- _DATA RECORDS_:
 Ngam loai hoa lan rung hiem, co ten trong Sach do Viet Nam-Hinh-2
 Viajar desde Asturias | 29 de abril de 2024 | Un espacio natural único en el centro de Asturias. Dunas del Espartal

...

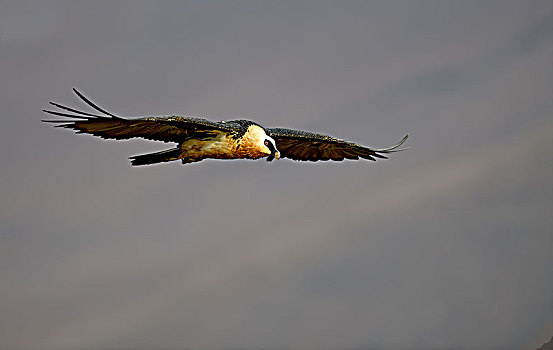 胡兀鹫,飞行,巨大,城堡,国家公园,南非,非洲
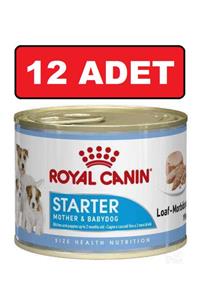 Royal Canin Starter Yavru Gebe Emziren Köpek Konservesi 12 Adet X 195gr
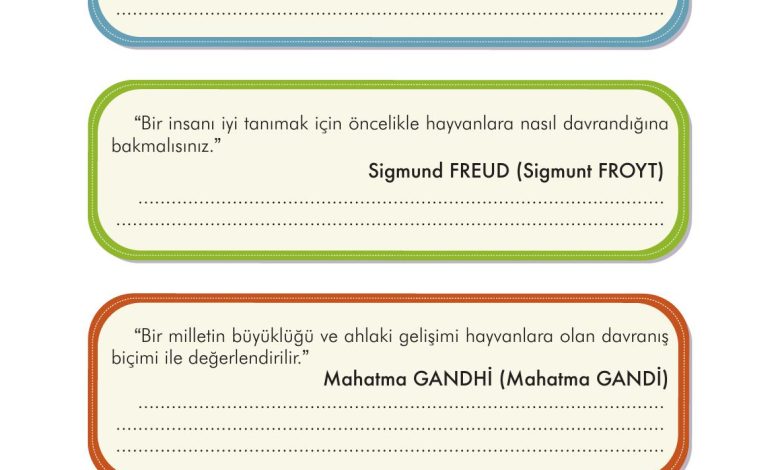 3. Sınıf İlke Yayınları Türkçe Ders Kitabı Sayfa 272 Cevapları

--

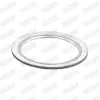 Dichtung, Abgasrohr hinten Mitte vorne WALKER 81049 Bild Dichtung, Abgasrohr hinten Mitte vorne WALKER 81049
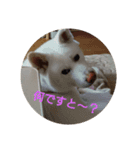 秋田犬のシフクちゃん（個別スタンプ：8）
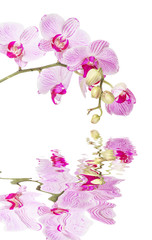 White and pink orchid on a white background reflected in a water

- _PROBLEM DETAILS_: Working from the data above, extract solely the lines from the one containing "Ngam loai hoa" through the one containing "Viajar desde Asturias", exactly as they appear, both included.

- _SOLUTION TO THIS EXERCISE_:
 Ngam loai hoa lan rung hiem, co ten trong Sach do Viet Nam-Hinh-2
 Viajar desde Asturias | 29 de abril de 2024 | Un espacio natural único en el centro de Asturias. Dunas del Espartal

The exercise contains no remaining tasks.